[Data for processing — start]

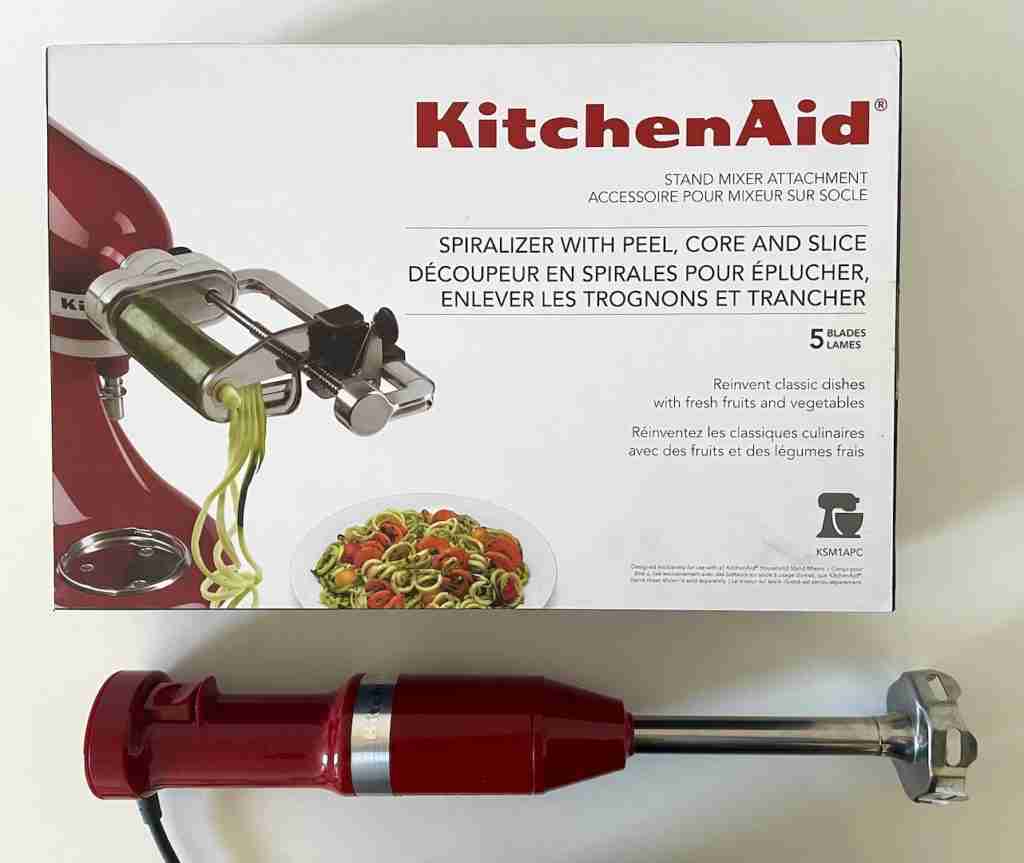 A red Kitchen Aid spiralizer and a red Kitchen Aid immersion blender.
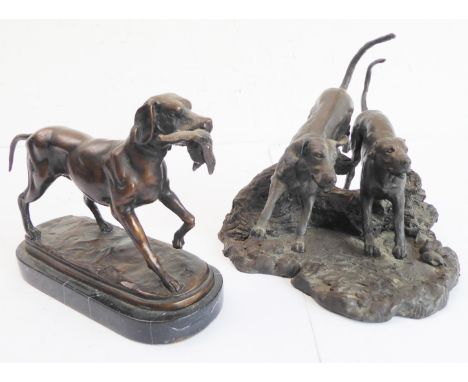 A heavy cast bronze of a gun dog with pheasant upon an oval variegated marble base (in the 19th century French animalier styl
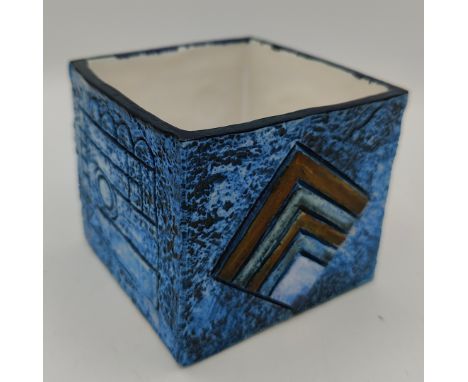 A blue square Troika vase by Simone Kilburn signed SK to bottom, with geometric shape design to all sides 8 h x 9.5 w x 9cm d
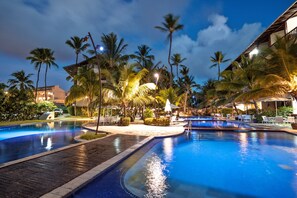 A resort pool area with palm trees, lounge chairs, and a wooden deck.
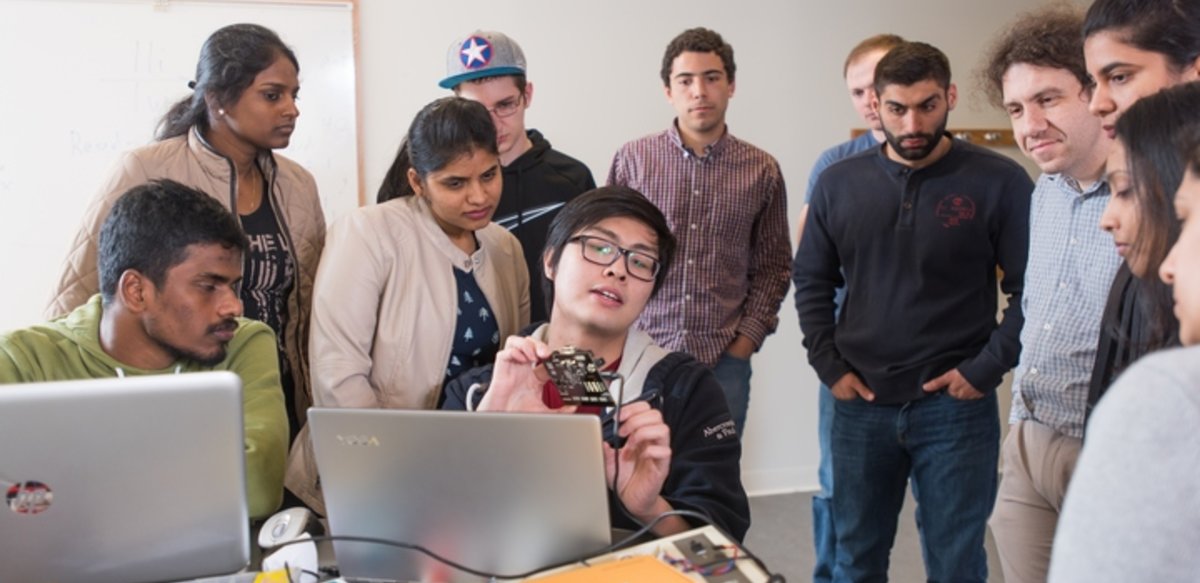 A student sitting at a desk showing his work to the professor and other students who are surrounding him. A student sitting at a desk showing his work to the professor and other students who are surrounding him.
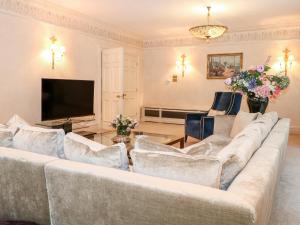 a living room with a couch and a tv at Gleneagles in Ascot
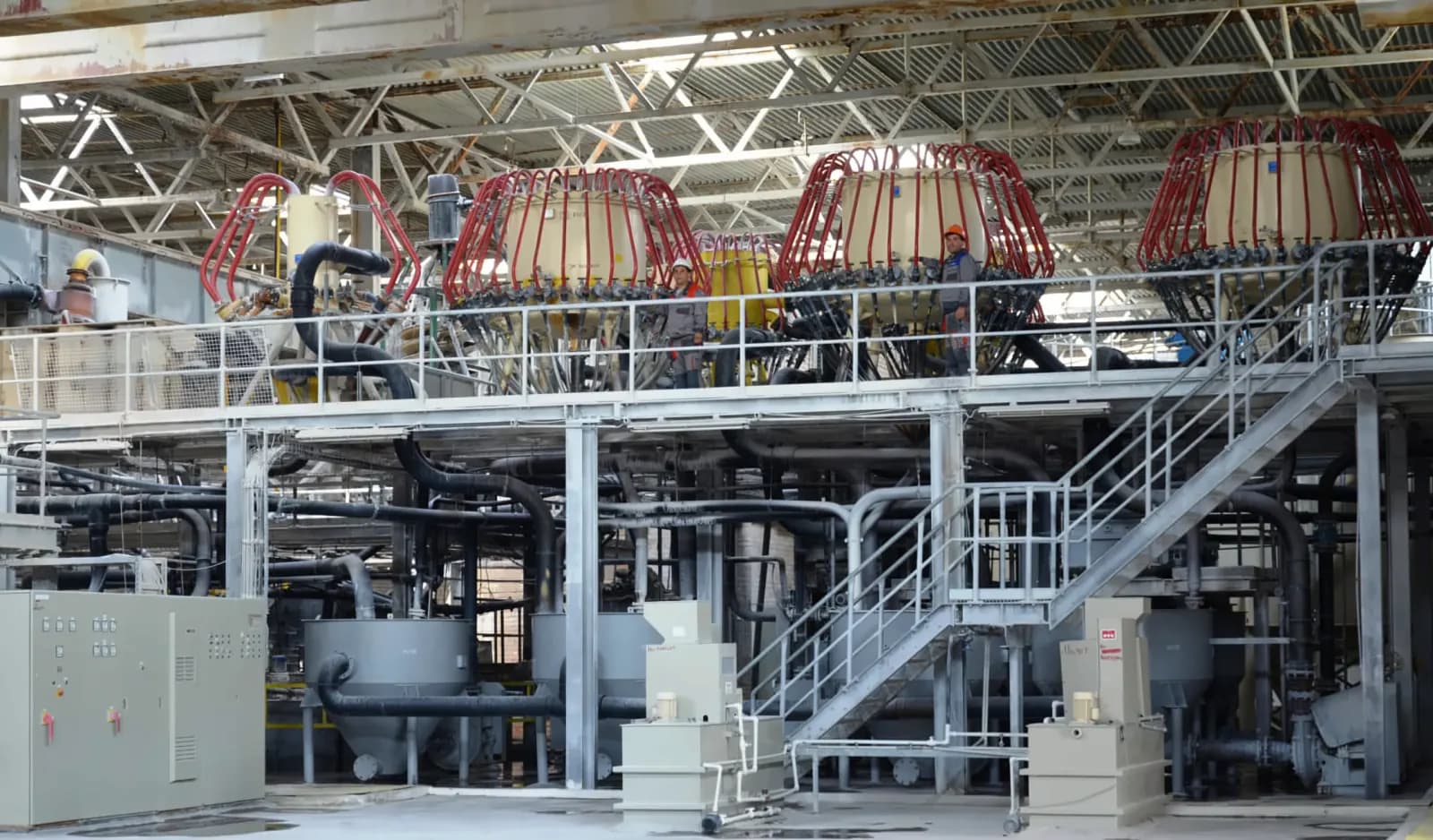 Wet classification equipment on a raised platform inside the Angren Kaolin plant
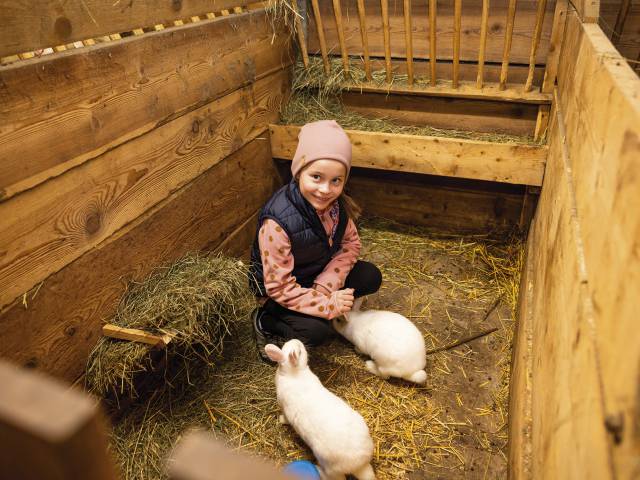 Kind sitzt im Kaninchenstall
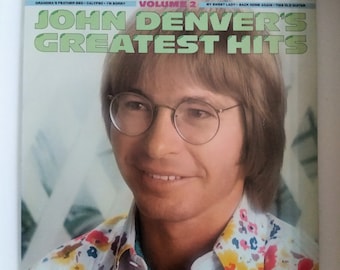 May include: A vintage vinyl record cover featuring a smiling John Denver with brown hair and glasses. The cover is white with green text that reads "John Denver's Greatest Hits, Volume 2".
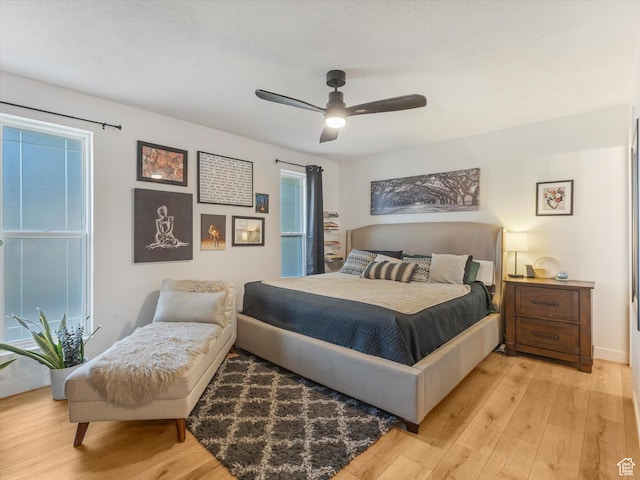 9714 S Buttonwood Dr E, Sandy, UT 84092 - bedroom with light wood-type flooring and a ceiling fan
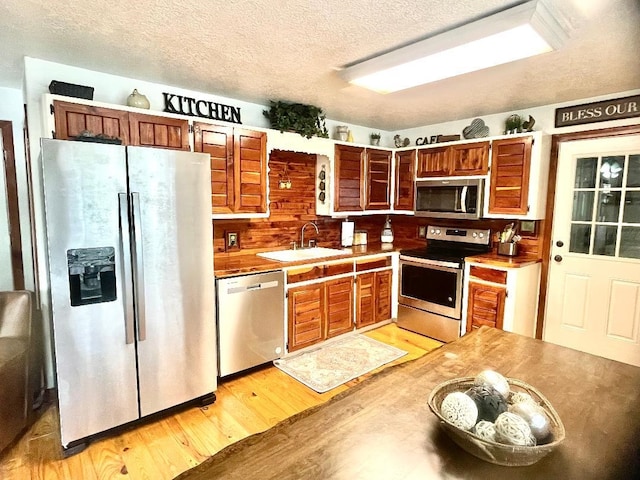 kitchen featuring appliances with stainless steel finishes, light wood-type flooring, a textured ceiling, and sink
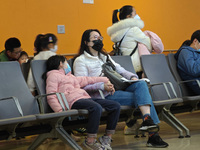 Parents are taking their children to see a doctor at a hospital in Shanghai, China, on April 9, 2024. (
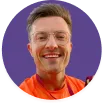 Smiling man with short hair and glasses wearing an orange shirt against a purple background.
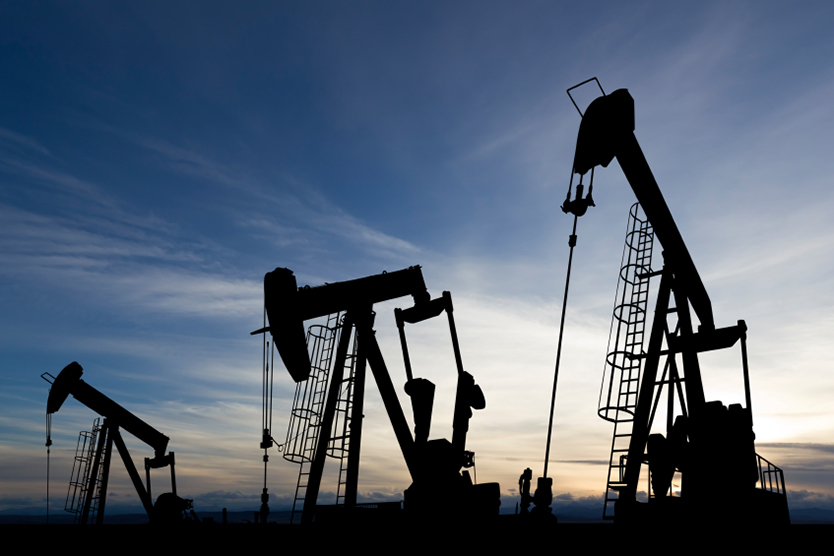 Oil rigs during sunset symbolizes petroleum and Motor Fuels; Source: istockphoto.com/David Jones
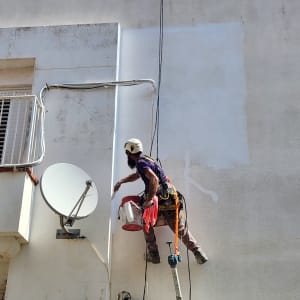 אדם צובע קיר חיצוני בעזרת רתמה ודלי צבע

[Data for processing — finish]

What is required: What I need is every record written out exactly, minus the pictures.

Problem solution:
 A red Kitchen Aid spiralizer and a red Kitchen Aid immersion blender.
 A heavy cast bronze of a gun dog with pheasant upon an oval variegated marble base (in the 19th century French animalier styl
 A blue square Troika vase by Simone Kilburn signed SK to bottom, with geometric shape design to all sides 8 h x 9.5 w x 9cm d
 A resort pool area with palm trees, lounge chairs, and a wooden deck.
 A student sitting at a desk showing his work to the professor and other students who are surrounding him. A student sitting at a desk showing his work to the professor and other students who are surrounding him.
 a living room with a couch and a tv at Gleneagles in Ascot
 Wet classification equipment on a raised platform inside the Angren Kaolin plant
 Kind sitzt im Kaninchenstall
 May include: A vintage vinyl record cover featuring a smiling John Denver with brown hair and glasses. The cover is white with green text that reads "John Denver's Greatest Hits, Volume 2".
 9714 S Buttonwood Dr E, Sandy, UT 84092 - bedroom with light wood-type flooring and a ceiling fan
 kitchen featuring appliances with stainless steel finishes, light wood-type flooring, a textured ceiling, and sink
 Parents are taking their children to see a doctor at a hospital in Shanghai, China, on April 9, 2024. (
 Smiling man with short hair and glasses wearing an orange shirt against a purple background.
 Oil rigs during sunset symbolizes petroleum and Motor Fuels; Source: istockphoto.com/David Jones
 אדם צובע קיר חיצוני בעזרת רתמה ודלי צבע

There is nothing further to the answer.